About 65 percent of India’s 900 million-strong electorate turned out over the six weeks of voting, the election commission said.
While the country faces a nerve-jangling three day wait until the official count begins, media polls after Sunday’s final round said Modi’s Bharatiya Janata Party (BJP) and its allies would secure enough seats to form a new government.
Modi, who fought an acrimonious campaign framed around his tough stance on national security, and other top BJP leaders made no immediate claim of victory.
As the vote drew to a close, the nationalist leader spent the weekend at a retreat in the Himalayas. He posted a Twitter picture of himself in a Hindu saffron robe looking out over the mountains.
Party spokesman G.V.L. Narasimha Rao said the polls “clearly show a huge positive vote for the leadership of Narendra Modi who has served the country with unmatched dedication.
“That people reward good performance has once again been proved by the overwhelming public mandate. This is a slap for the abusive opposition that made baseless charges and spoke lies,” he added.
The BJP was not expected to match its landslide tally in 2014, which gave it enough seats to govern in its own right, but leading polls projected the ruling party and its allies winning between 282 and 313 seats of the 543 candidates elected to India’s lower house.
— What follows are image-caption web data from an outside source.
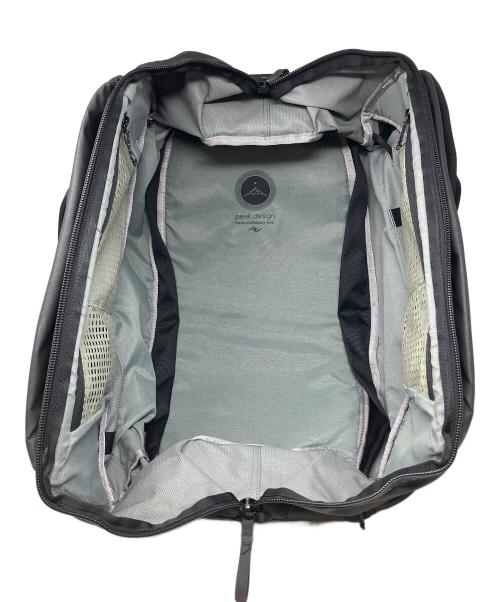 peak design（ピークデザイン）peak design (ピークデザイン) ボストンバッグ ブラックの古着・服飾アイテム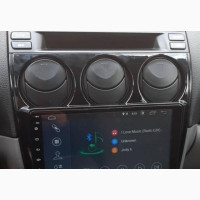 Mazda 6 2004-2015 Android Gps Navigation Multimedia Player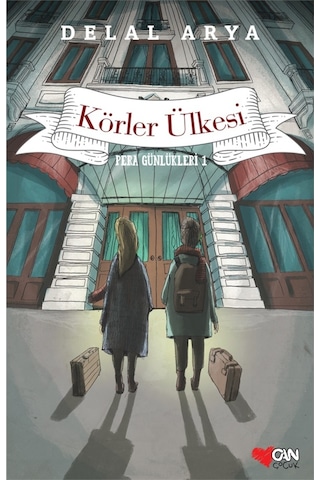 Can Çocuk - Körler Ülkesi - 9789750715280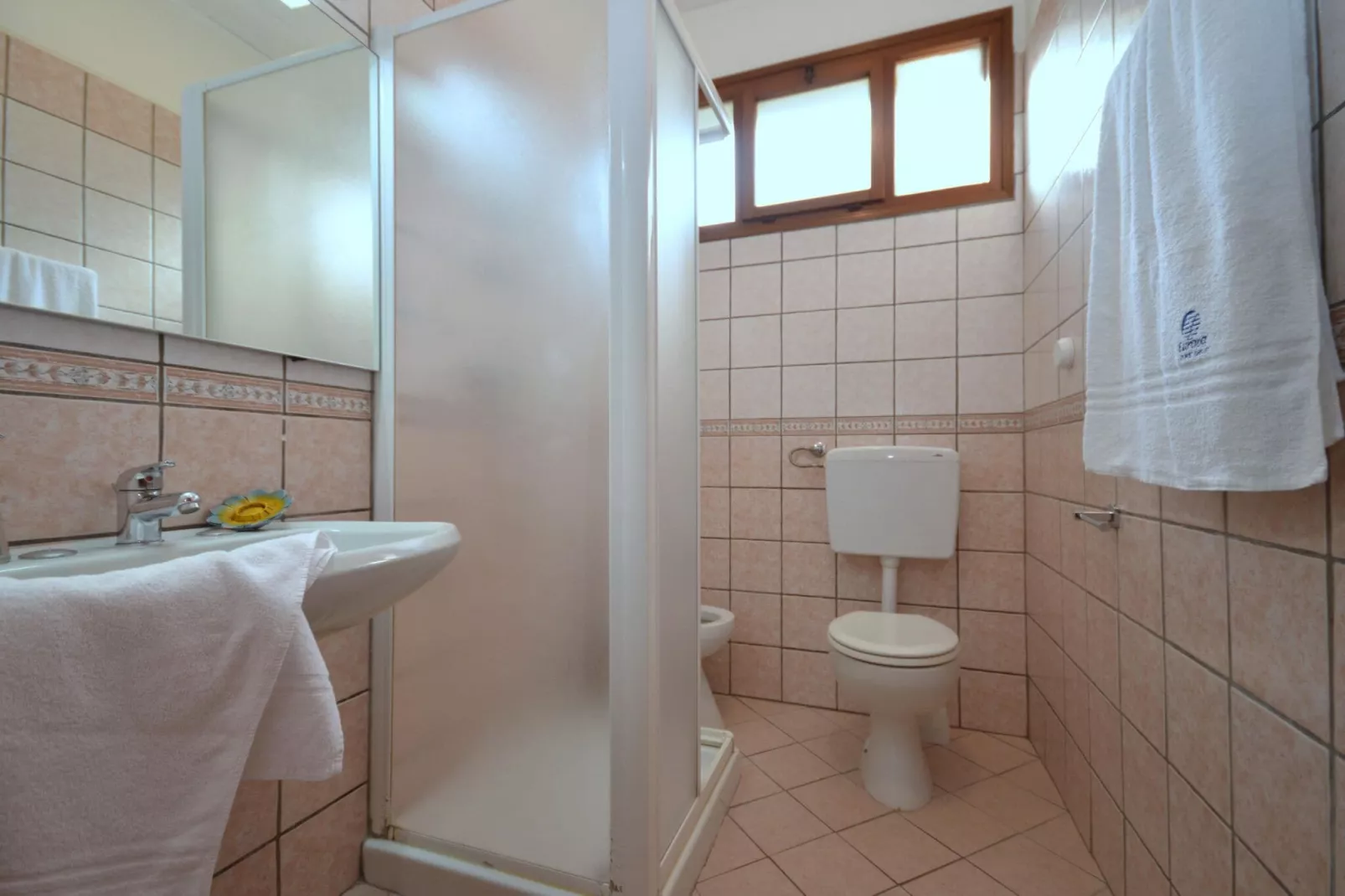 Holiday resort Alex Lignano-D7-Bathroom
Modi’s alliance had 336 seats in the outgoing parliament.
The opposition Congress party was predicted to double its 2014 tally of 44 seats — a historic low since India’s independence in 1947 — but still fall far short of a claim to governing. The party has pointed to the unreliability of polls in previous elections.
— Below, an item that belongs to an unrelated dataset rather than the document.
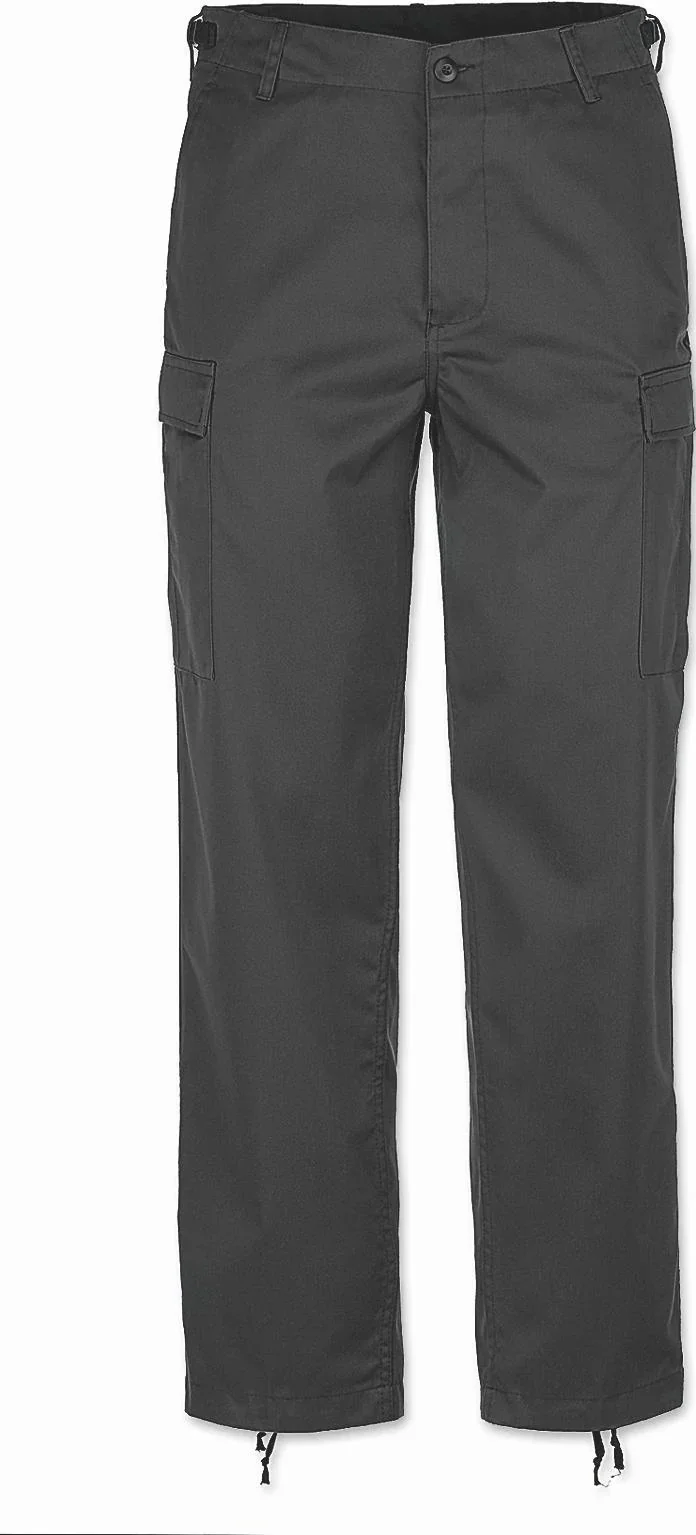 US-Rangerhose, Gr. S, schwarz - 2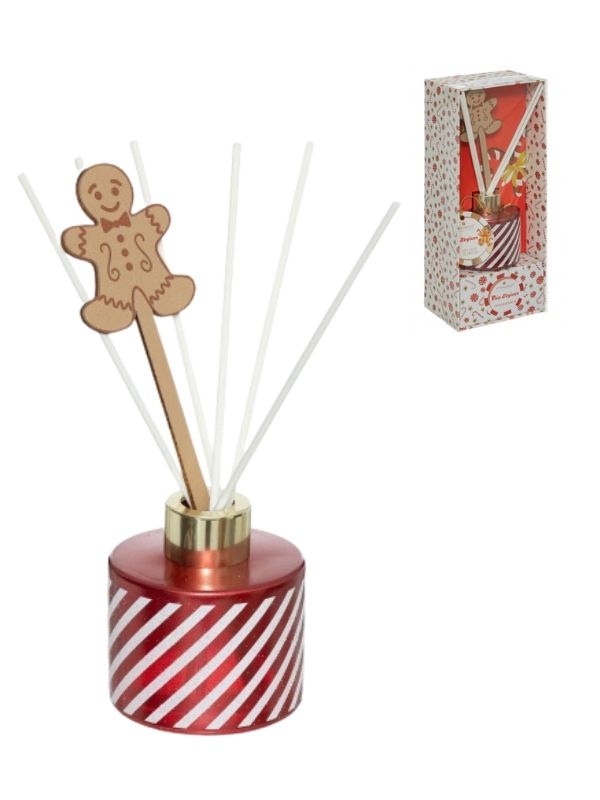 Weihnachts-Stick Diffusor Lebkuchen 100Ml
After seven rounds of voting spread over six weeks, a huge security cordon was thrown around electronic voting machines and boxes of paper ballots used for the world’s biggest election before the official count starts on Thursday.
The opposition had led an onslaught on Modi’s handling of the economy and failure to create jobs during the campaign.
But the vote increasingly became a personal referendum on one of India’s most popular and divisive prime ministers ever.
The 68-year-old leader went to scores of rallies across the country to fire up his Hindu base and turn the campaign into a debate on national security following tit-for-tat air raids with Pakistan in March.
Modi and Congress leader Rahul Gandhi traded insults throughout the campaign.
Gandhi, 48, attacked Modi over alleged corruption in a French defence deal and the plight of farmers, as well as on the economy.
Modi’s government has fallen short on creating jobs for the million Indians entering the labour market every month, while the shock introduction of a sudden ban on high-denomination cash in 2016 disrupted business and Indian banks are struggling with huge bad debts.
Hostilities spilled over again on the final day of voting.
Tens of thousands of security forces guarded polling booths in West Bengal state on Sunday where the BJP has made a push against the regional Trinamool Congress party.
An improvised bomb was thrown at one Kolkata polling station and security forces intervened to stop supporters of the BJP, communists and other parties from blockading voting booths across the state capital.
In Madhya Pradesh state, in central India, a BJP worker was allegedly shot dead by a Congress official in Indore, police told media.
The Delhi-based Centre for Media Studies estimates that parties have spent more than $7 billion on the election, making it one of the most expensive campaigns held in the world.